IL RACCONTO DEL LUNEDì DI CIRO FERRIGNO
Febbraio 2012. Sono a Scanno, in gita con gli alunni del Turistico, alla ricerca dell’artigianato artistico: filigrana, ferro battuto, lavori in legno e a tombolo e c’è neve ovunque. In un negozio, la signora dietro il banco, mentre avvolge un centrino nella carta velina, mi sorride e dice: “Complimenti, professore, lei ha scelto uno dei lavori più belli. Ne capisce di tombolo, di ricamo?” – “Un poco si”, rispondo. “Ma sarebbe troppo lungo da raccontare.”
Mi avvicino alla finestra, il panorama è scintillante, bianco immacolato ovunque e la mente torna in Via Bagnulo a Piano, nella casa dei nonni, quella della mia infanzia.
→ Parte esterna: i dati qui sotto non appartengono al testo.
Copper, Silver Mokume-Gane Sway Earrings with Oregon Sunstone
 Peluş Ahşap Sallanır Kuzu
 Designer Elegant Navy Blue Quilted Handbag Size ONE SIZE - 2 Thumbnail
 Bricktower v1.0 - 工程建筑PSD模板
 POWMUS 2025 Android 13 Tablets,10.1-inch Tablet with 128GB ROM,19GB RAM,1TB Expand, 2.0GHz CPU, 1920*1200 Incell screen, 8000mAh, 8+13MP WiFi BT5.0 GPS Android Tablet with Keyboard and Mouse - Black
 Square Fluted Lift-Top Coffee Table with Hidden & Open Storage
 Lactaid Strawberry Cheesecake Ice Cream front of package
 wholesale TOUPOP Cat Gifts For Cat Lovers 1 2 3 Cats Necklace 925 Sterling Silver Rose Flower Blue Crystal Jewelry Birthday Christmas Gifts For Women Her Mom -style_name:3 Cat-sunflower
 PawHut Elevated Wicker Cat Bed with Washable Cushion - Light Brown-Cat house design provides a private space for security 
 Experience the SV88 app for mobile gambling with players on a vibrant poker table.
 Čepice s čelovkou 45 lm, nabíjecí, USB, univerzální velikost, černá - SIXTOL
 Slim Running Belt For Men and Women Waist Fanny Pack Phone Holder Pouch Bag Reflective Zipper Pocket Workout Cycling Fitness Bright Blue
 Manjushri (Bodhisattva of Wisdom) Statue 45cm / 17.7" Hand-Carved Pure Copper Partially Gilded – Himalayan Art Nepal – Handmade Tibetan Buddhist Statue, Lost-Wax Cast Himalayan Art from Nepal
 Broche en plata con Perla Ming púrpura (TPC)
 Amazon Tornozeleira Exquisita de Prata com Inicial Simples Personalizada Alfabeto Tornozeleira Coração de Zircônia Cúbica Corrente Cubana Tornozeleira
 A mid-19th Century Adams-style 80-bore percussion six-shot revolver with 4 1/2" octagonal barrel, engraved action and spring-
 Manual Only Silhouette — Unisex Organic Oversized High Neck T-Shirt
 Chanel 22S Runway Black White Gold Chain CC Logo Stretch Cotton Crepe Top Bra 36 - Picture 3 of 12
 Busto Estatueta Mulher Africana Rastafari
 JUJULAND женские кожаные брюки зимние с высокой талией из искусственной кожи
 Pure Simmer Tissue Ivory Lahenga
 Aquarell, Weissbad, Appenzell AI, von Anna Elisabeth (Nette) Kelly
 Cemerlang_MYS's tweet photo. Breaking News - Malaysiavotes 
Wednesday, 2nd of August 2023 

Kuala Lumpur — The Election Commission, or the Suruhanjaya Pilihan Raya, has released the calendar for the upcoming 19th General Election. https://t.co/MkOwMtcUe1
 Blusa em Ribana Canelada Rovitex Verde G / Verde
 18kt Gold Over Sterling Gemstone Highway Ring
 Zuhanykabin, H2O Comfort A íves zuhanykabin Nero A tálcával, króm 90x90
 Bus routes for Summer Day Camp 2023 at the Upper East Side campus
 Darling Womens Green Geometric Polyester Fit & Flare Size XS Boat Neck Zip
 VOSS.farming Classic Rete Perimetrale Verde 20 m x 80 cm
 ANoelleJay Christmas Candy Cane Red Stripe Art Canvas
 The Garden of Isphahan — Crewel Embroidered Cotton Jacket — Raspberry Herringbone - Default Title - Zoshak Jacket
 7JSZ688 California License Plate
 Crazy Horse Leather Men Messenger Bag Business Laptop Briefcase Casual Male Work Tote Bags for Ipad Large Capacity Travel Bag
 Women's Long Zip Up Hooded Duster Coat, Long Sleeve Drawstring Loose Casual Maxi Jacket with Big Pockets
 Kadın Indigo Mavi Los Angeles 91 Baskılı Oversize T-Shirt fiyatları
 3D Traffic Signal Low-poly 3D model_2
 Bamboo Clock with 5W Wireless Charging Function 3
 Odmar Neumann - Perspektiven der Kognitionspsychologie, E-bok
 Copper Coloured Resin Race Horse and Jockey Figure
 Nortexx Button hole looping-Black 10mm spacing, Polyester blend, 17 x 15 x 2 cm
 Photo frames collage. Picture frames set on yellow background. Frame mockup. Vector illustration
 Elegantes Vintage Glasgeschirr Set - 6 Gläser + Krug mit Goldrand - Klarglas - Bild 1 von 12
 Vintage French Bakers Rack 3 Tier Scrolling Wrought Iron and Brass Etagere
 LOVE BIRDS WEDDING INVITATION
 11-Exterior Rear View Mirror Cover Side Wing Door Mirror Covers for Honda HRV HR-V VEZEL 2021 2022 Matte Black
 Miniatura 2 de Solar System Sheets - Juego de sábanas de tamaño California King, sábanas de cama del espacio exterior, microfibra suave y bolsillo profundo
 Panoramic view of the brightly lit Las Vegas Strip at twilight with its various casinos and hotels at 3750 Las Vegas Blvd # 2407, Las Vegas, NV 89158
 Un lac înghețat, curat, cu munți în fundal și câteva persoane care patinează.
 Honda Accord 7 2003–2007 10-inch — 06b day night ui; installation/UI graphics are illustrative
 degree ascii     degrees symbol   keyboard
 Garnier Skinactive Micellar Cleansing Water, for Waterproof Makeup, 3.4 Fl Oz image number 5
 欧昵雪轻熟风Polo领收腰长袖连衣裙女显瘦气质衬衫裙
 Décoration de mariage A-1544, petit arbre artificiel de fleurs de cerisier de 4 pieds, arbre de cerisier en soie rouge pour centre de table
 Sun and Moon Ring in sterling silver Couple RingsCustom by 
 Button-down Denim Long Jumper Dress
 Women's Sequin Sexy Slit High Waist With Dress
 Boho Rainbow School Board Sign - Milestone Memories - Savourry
Zia Francesca ricamava le camicette destinate a Positano, per conto delle sorelle Ruocco di Via Casa Rosa. Io, bambino, trascorrevo lì interi pomeriggi e lei, senza alzare gli occhi dal telaio, raccontava tante storie: leggende, favole e fatti del paese, dei santi, delle feste. Mentre aspettavamo il Natale, facendo progetti e sogni ad occhi aperti, giorno dopo giorno, dal niente, creava campi di fiori, piccoli bouquet, farfalle e spighe con una bravura incomparabile. Le tecniche erano le più disparate punto a giorno, punto erba, catenella, retine di ogni specie, punto pieno, a croce, Assisi… Poi, a lavoro finito, mostrava qualcosa che mi sembrava un’opera d’arte e chiedeva: “Ti piace?” – Imparai a distinguere un punto dall’altro, le matassine di seta coi numeri, nel cestino, capii l’accostamento dei colori, la perfezione di un ricamo e la serenità di una vita semplice e laboriosa. In quella casa c’era un diverso profumo per ciascuna stagione: quello del fuoco nel braciere nei lunghi pomeriggi invernali, con la nonna seduta accanto, l’aroma del caffè riscaldato nella cuccuma sul fornellino, la torta profumata di liquore per le ricorrenze, quello dei confetti bruciacchiati dal ferro per le palme di confetti e l’effluvio dei gelsomini che saliva dal giardino nella camera, dalla vetrata, tutta aperta, nei pomeriggi estivi. Era stupefacente vedere una camicetta di lino bianco trasformarsi in un trionfo di colori, con tanti piccoli fiori di seta. Le sue mani erano capaci di compiere una vera magia e quelle creazioni avrebbero fatto bella mostra di sé nelle vetrine di negozi per turisti, prima di partire per qualche lontano angolo del mondo! In ogni stagione le mani della zia erano instancabili e così si guadagnava da vivere: quattro soldi per tanto lavoro. Non era ricca, anzi, ma aveva un cuore grande tanto da essere amata da tutti, in famiglia poi, il fratello, le sorelle, i nipoti, i cognati, tutti la veneravano. Ad ogni ricorrenza, il primo regalino era il suo e profumava di ricamo e di sudore, di occhi consumati per creare quei piccoli tesori di seta colorata.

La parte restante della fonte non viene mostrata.